Leroy Moore, Jr. is a Black Poet, Activist, Author and founder of Krip-Hop Nation. He also is one of the individuals that articulated the tenets of Disability Justice. He also helped co-found, with Patty Berne, Sins Invalid, a “disability justice based performance project that incubates and celebrates artists with disabilities, centralizing artists of color and LGBTQ / gender-variant artists as communities who have been historically marginalized.” (https://www.sinsinvalid.org/mission). We have students engage with Moore, Jr’s poems, interviews, and work on police violence against Black and Brown disabled people. We also have students watch performances from Sins Invalid, including their documentary An Unshamed Claim to Beauty in the Face of Invisibility. Moore Jr. has written a book Black Disabled Art History 101. In another class, students have read this text and created presentations about the artists and culture makers that Moore Jr. writes about.

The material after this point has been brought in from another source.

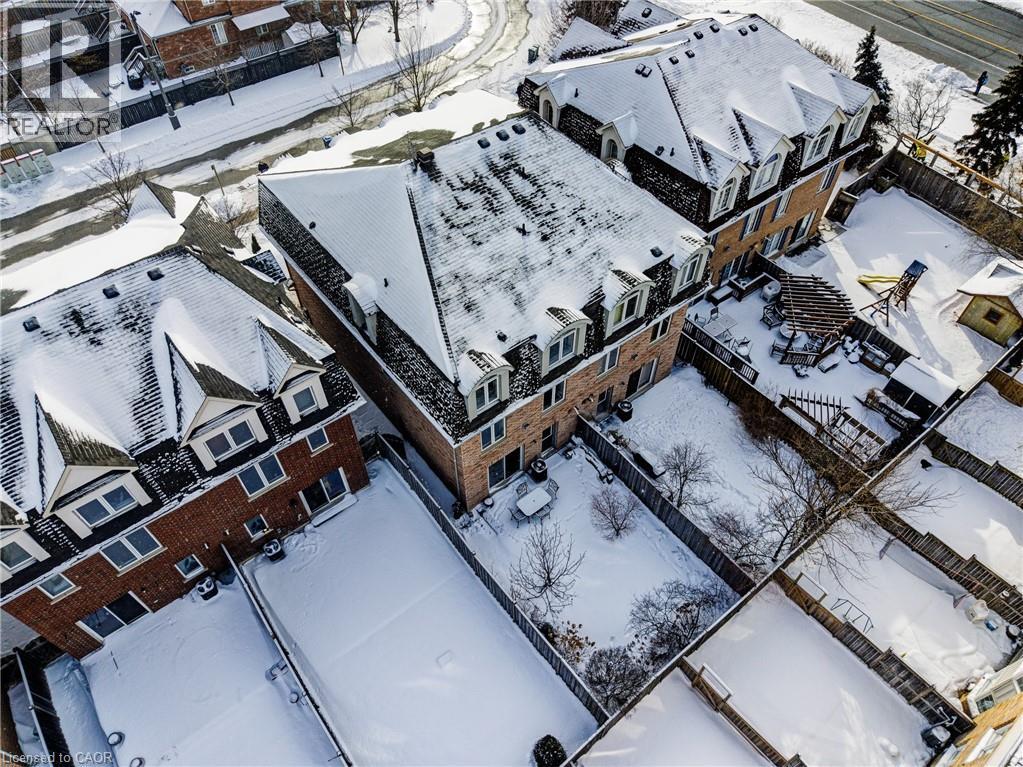 3897 Quiet Creek Drive, Mississauga, Ontario  L5M 8B5 - Photo 35 - 40805658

All the Weight of Our Dreams: On Living Racialized Autism (edited by Lydia X.Y. Brown, E. Ashkenazy, and Morénike Giwa Onaiwu). https://autismandrace.com/ 

This text only features writing by autistic people of color, which is a rarity when narratives of white (mostly cisgender males) are assumed to be the main representative of autistic experience. The students read selections in this text to understand how systems of oppression interact in the lives of the authors. We talk about how we cannot adopt single-issue political stances (e.g. not just focus on disability) because systems of oppression often target individuals with multiple marginalized identities and experiences. Many of the pieces in the text discuss school segregation, police violence, and inability to access medical services. The students are better able to articulate the principles of disability justice after reading through this text. During the Spring 2021 semester, the editors of this collection announced that publication of the text would immediately be discontinued (https://autismandrace.com/all-the-weight-of-our-dreams-anthology/). We have stopped teaching this text but plan to teach the revised edition when it is available.

Open in Emergency: a Special Issue of Asian American Literary Review (edited by Mimi Khúc). https://www.aalrmag.org/shop/open-in-emergency 

This special issue is unlike anything our students have experienced before yet each semester students respond how they were desperately seeking something like it for years. A dynamic mix of poetry, visual art, hacking, a tarot deck, and other engaging pieces seek to decolonize mental health and to “collectively ask what Asian American unwellness looks like and how to tend to that unwellness.” In using these materials we have our students consider their own experiences of mental health/wellness/unwellness incorporating all their identities. Students at all levels of education are experiencing various levels of stress and unwellness. These materials help our students articulate what they need to prepare in an emergency. In the class, the students create their own mental health/wellness/unwellness boxes and share them with the class.

Intelligent Lives (film, 70 minutes, Dir. Dan Habib). https://intelligentlives.org/ 

Intelligent Lives is a film that questions assumptions about the “fixed” nature of intelligence. Micah is featured in the film along with Naomi Monplaisir and Naieer Shaheed. The website features many discussion questions and resources. After screening the film, we engage our students in a robust discussion of how racial status and systems of gender impact the opportunities of the three protagonists. We also discuss Naomi's experience of forced labor and segregation at Harold A. Birch Vocational School and how it is connected to historical experience of segregation due to eugenics and segregated education. The film also highlights the importance of challenging traditional methods of guardianship to enable individuals with intellectual disabilities to self-determine their lives.

We are grateful to Professor Alan Foley, Director of The Center on Human Policy and past School of Education Dean Joanna Masingila and interim Dean Kelly Chandler-Olcott for supporting our ability to co-teach. We also appreciate Dr. Katie Roquemore for her assistance with past iterations of the course and for first suggesting and teaching All the Weight of Our Dreams.